Rebel in the Rye is Bad for Writers
Danny Strong's Salinger Biopic is One Big Cliché
If you’re reading this space, I probably don’t have to tell you that J.D. Salinger is one of the undisputed literary gods of America. The Catcher in the Rye is still ubiquitous in high schools; the short stories are inarguable masterpieces. Plus, Salinger is mysterious, his image rarely seen, which never hurts a god’s portfolio. So when I heard that we’d be getting a movie about the author’s life, I was excited—though I suppose I should have known not to be. Rebel in the Rye does a disservice to Salinger, who would have hated vehemently any movie made about him, but this one in particular, as well as to his fans.
Rebel in the Rye, Danny Strong’s feature directorial debut, is an adaptation not of The Catcher in the Rye (such a thing would be impossible, simply impossible, reportedly) but of Kenneth Slawenski’s J.D. Salinger: A Life, starring Nicholas Hoult as the titular god. Hoult does fine, but if anyone hoped to learn something about the famously reclusive writer, or even get a sense of his particular magic from this film, they would be disappointed. The whole first half of Rebel in the Rye is an utterly generic becoming-a-writer sequence. Maybe the facts of it are true to Salinger’s life, but honestly, for the first hour, I was thinking: this movie could be about anybody. Jerry’s father doesn’t want him to be a writer! He wants Jerry to get a real job, instead, so Jerry will be able to make a living. No one makes a living as a writer, Jerry! But Jerry goes to writer school anyway, because screw Dad, he’s never shown Jerry any affection anyway. At writer school, Jerry meets an irreverent, brusque-but-brilliant professor (Kevin Spacey), stumbles backwards into his good graces, and gets his life changed forever by dazzling advice like “there is nothing more sacred than story” and “imagine the book that you would want to read, and then go write it” and “you’re a writer, what do you think you should do?” Jerry writes. Jerry starts submitting to literary magazines. Jerry has a rejection-letter montage. (Yes, this film has a rejection-letter montage!) Jerry finally gets a story published, and things progress from there.
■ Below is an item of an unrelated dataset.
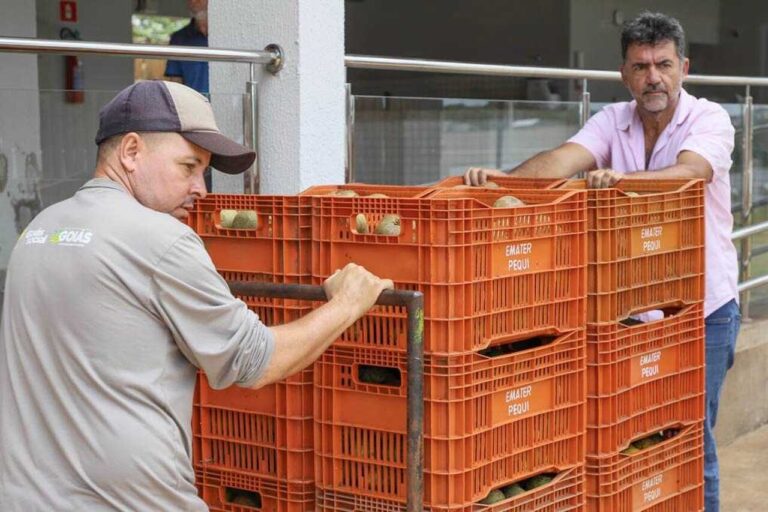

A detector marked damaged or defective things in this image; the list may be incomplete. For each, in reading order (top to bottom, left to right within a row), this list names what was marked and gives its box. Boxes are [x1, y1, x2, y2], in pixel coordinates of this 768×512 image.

rusty metal pole [226, 282, 426, 510]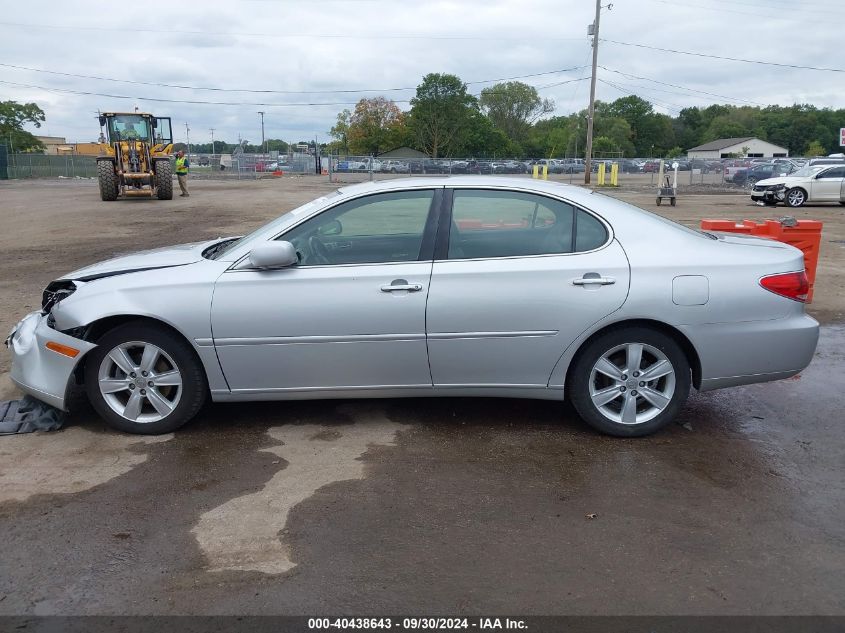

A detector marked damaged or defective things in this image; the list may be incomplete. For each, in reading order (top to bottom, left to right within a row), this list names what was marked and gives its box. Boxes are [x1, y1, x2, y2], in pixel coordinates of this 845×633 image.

It’s not until Jerry goes to war that this begins to seem like a movie about Salinger, who famously wrote parts of The Catcher in the Rye during WWII, carrying his pages through battle. But even then, the story seems uber-glossed, an extended cliché about one of the least cliché writers of the 20th century. He comes back from the war a changed man; he can’t write; eventually—with the help of an Indian guru—he does. He publishes The Catcher in the Rye; he becomes famous; he becomes too famous; he recedes, pushing away everything and everyone he used to love; the film ends. All of this is attended by mediocre dialogue (ironic in a movie about one of the best writers of dialogue I can call to mind), ham-fisted declarations and awkward, melodramatic voice-overs. “Publishing is everything,” Salinger’s agent tells him multiple times before, when he finally tells her he no longer wants to publish, she admits: “Publishing isn’t everything.” It’s a moment that’s clearly meant to be bittersweet and emotional; instead it’s so obviously organized, so mashed up and airplaned-in, that it’s groan-worthy.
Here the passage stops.